Is [(2ⁿ-1)(2ⁿ-2)(2ⁿ-2²)(2ⁿ-2³)···(2ⁿ-2^n-1)] ÷ n! an integer? Why or why not?

[bonanova]

It is.

Certainly for small values of n.

[Guest]

An Integer.

I think

for all values of n

n! is always small compared to numerator

so always we shud get an integer value...

[Guest]

The product is (1/n!)Product[2^n - 2^k,{k,0,n-1}] = Product[(2^n - 2^k)/(k+1),{k,0,n-1}]

[Guest]

Is [(2ⁿ-1)(2ⁿ-2)(2ⁿ-2²)(2ⁿ-2³)···(2ⁿ-2^n-1)] ÷ n! an integer? Why or why not?

My process

Reversed order of numerator and factored out 2's to get:

2^(n-1)*(2-1)*2^(n-2)*(2²-1)....2²*(2^(n-2)-1)*2*(2^(n-1)-1)*(2ⁿ-1).

=2^{(n^2-n)}*1*3*7*15*31*63*127*255*511*1023*2047...(2ⁿ-1)

Factoring out the 2's from the denominator, we will have a maximum of 2^(n-1) so we only need worry about the odd factors in n!:

n! with 2's factored out =1*3*5*3*7*9*5*11 ....

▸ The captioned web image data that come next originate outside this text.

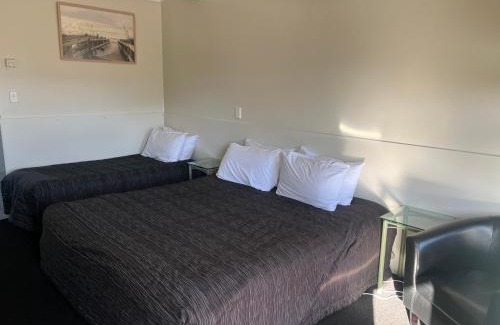 Palmerston North Hotel | A'La Vista Motel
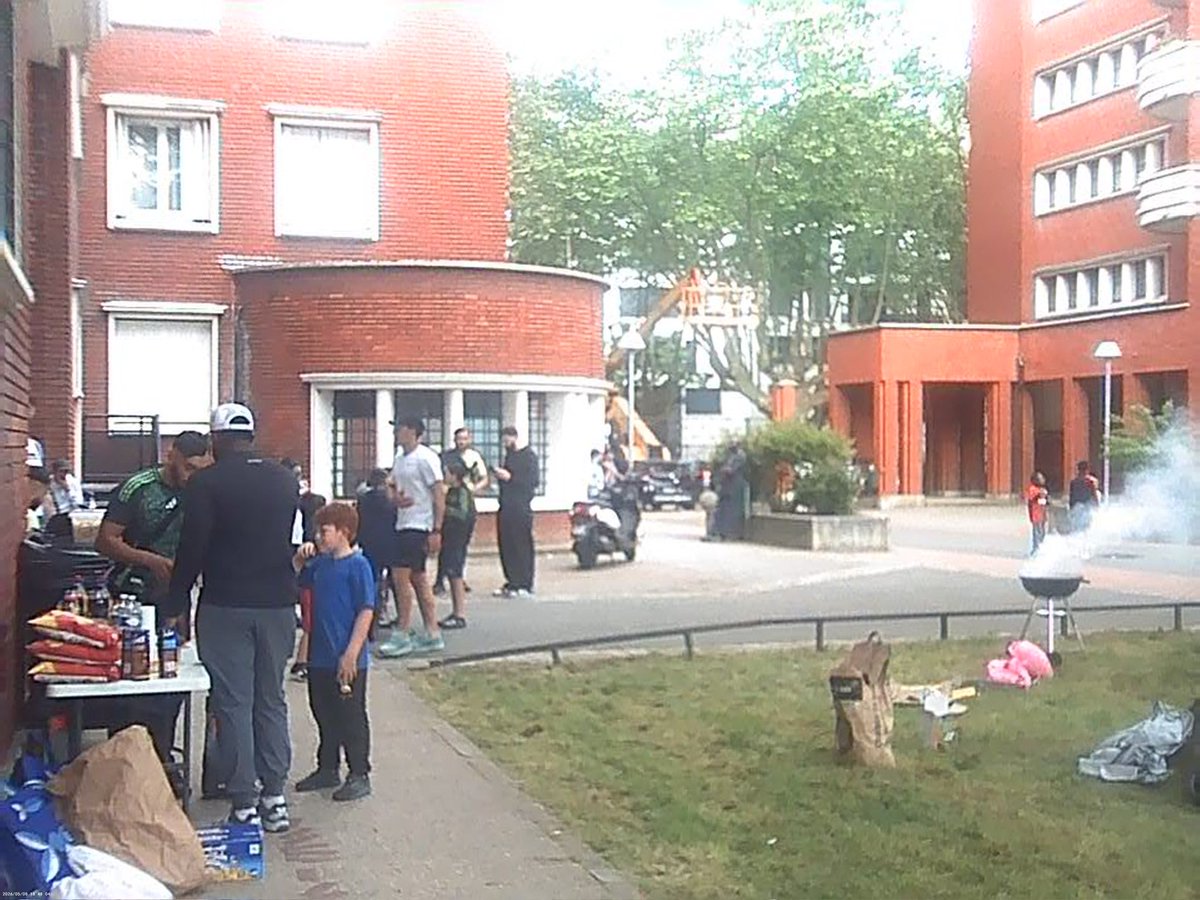 Senendia03's tweet photo. Dump d’un vendredi ferié au quartier 🙏🏿💫 aimons nous vivants !!!! (et likez aussi.) https://t.co/6XA5YsbKJJ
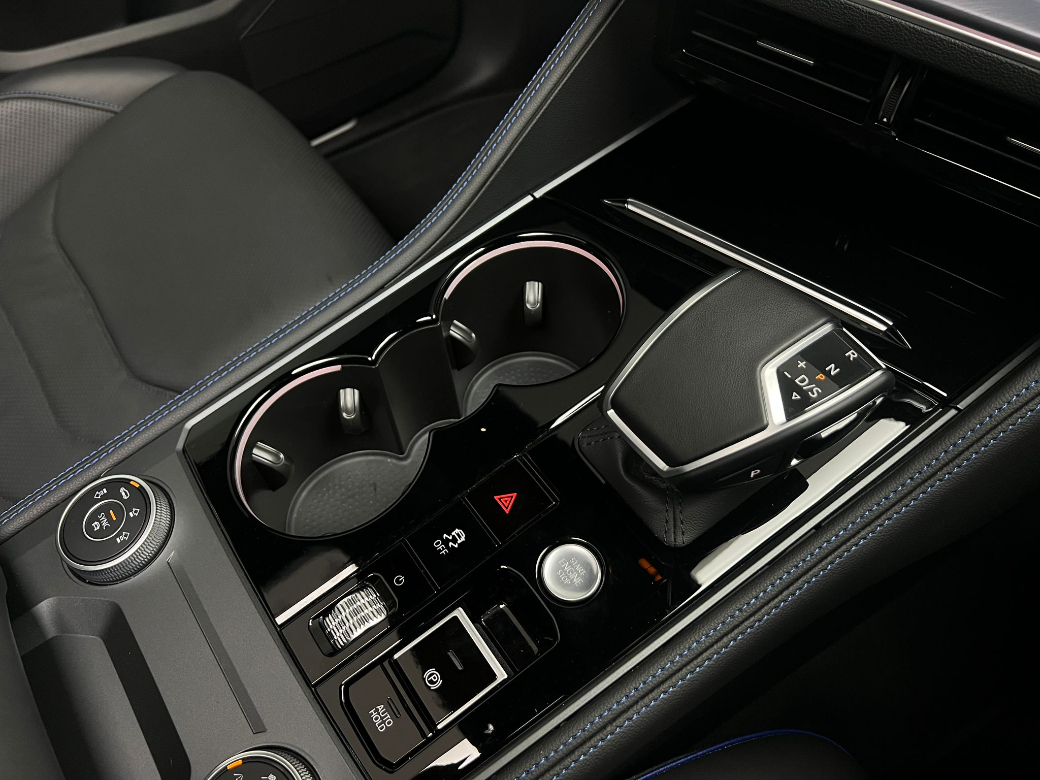 2025 Volkswagen Touareg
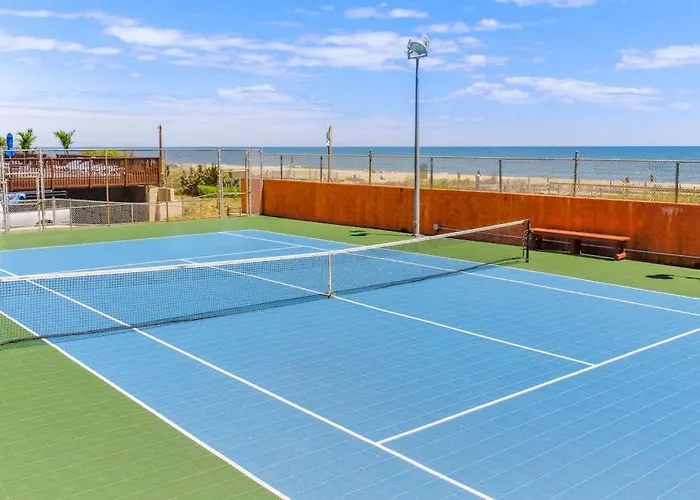 Updated Oceanfront With Ample Balcony Ac Pools Gym & Sauna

If n=11, then 11 must be a factor of the numerator for the results to be an integer but this is not the case so this does not always result in an integer.

[Guest]

No idea why, or more likely i've misunderstood the problem, but converting the function into excel gives me some decimals pretty quickly

[Guest]

1023 is evenly divisible by 11.

i suspect its the case that for every prime number p;

2^(p-1)-1 is evenly divisible by p.

can anyone prove this?

[superprismatic]

1023 is evenly divisible by 11.

i suspect its the case that for every prime number p;

2^(p-1)-1 is evenly divisible by p.

can anyone prove this?

That is known as Fermat's Little Theorem. You can find a simple proof on line here.

[Guest]

1023 is evenly divisible by 11.

i suspect its the case that for every prime number p;

2^(p-1)-1 is evenly divisible by p.

can anyone prove this?

Thank you for correcting me. When I first started writing my response, I meant it as only a beginning then thought I saw one that didn't work. I acted too quickly without checking every possibility. I will try to be more careful next time.